● HOW TO COMPLETE THIS TASK
Report every line of the records below that includes the string "Womens".

....

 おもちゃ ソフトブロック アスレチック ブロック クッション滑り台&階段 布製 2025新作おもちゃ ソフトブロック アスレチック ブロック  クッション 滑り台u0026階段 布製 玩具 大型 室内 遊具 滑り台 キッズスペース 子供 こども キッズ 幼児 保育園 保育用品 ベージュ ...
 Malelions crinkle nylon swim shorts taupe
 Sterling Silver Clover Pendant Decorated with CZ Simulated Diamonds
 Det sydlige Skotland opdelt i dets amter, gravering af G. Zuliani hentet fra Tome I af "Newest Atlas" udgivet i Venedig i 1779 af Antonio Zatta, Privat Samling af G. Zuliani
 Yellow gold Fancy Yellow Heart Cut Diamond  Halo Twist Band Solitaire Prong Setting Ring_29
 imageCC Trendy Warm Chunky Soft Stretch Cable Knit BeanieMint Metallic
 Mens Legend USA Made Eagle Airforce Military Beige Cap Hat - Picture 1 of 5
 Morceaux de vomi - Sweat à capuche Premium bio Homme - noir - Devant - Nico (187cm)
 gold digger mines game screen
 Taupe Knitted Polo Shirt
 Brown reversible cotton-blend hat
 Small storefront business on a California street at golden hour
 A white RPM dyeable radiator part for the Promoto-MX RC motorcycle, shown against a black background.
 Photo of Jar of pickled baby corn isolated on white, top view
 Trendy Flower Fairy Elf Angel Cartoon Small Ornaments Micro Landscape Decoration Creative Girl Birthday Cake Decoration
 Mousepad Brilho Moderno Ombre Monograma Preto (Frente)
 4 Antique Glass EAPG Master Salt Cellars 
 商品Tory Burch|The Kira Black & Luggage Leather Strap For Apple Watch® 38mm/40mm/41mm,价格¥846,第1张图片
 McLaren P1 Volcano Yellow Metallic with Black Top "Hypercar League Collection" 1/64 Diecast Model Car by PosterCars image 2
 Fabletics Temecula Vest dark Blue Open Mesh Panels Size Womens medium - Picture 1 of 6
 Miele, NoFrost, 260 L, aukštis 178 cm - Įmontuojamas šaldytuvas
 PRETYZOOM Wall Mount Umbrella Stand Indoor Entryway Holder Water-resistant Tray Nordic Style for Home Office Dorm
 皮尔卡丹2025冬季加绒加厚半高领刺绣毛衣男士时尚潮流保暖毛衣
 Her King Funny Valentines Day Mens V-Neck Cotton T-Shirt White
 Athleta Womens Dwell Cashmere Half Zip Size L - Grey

....

● RESULT FOR THIS TASK
 Fabletics Temecula Vest dark Blue Open Mesh Panels Size Womens medium - Picture 1 of 6
 Athleta Womens Dwell Cashmere Half Zip Size L - Grey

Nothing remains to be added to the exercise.